Finanzplatz Frankfurt – Großer Profiteur des Brexit?

Von Ralf Keuper

Fast einhellig berichten die deutschen Medien, dass Frankfurt von allen Finanzplätzen Europas der größte Profiteur des Brexit sei. Erst im Nebensatz wird erwähnt, dass die Erwartungen, was die Zahl neuer Jobs in der Main-Metropole betrifft, sich nicht erfüllen werden. Die aktuellen Schätzungen gehen von nur 3.500 zusätzlichen Arbeitsplätzen in Frankfurt bis 2021 aus.

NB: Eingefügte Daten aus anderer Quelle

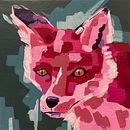 My project for course: Stylized Acrylic Painting: Explore Color and Shape Ein Projekt aus dem Bereich Malerei, Malerei mit Acr und l von mgnbrown - 04.06.2023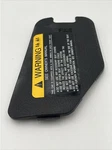 2009 Hyundai Sonata Dashboard Fuse Box Panel Cover Part Number 84768-3k500. Fixed Price $17.99.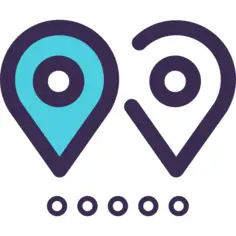 Pin map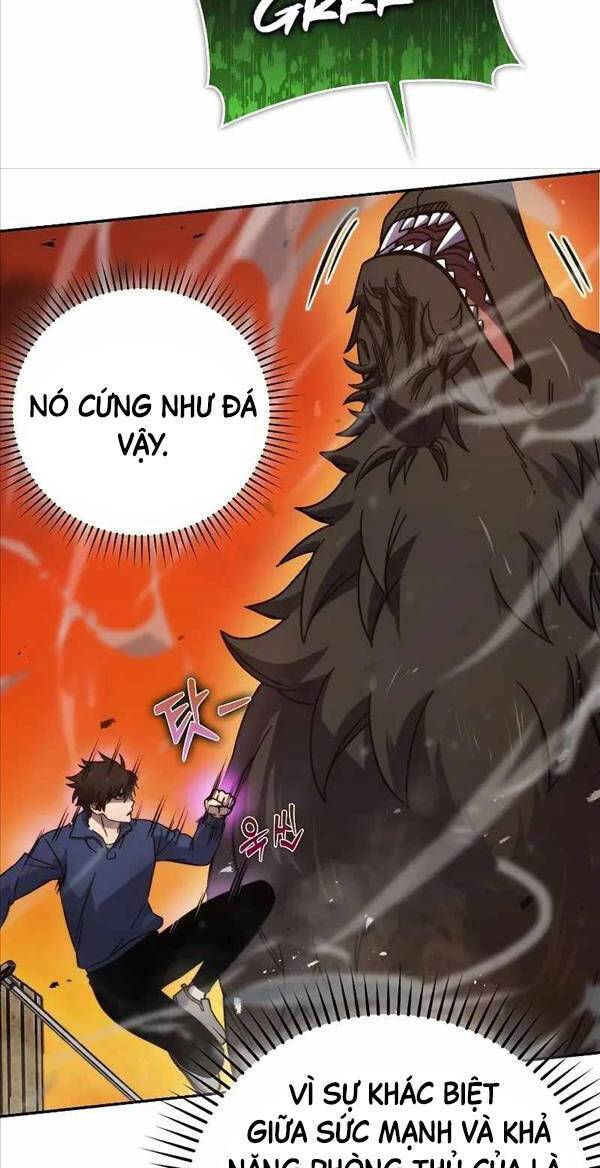 Chúa Quỷ Tăng Cấp Bằng Võ Thuật - Page 18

Das Institut der Deutschen Wirtschaft (IW) prognostizierte im Jahr 2016 einen Zuwachs von 10.000 Jobs in Frankfurt als Folge des Brexit. Auf diesem Blog wurde bereits damals bezweifelt, ob Frankfurt tatsächlich der große Profiteur des Brexit sein werde (Vgl. dazu: Finanzplatz Frankfurt als Profiteur des Brexit?).

Daraus die im Nachhinein bestätigte Einschätzung der Stadtforscherin Saskia Sassen:

Die Stärken des Finanzzentrums London seien, so Sassen, die Tätigkeiten mit hohem Komplexitätsgrad, die sich nicht einfach so verlagern ließen, da hier das Zusammenspiel vieler spezialisierter Finanzunternehmen nötig sei. Eher schon könnten Routinetätigkeiten, wie das Clearing, nach Frankfurt oder Paris verlagert werden.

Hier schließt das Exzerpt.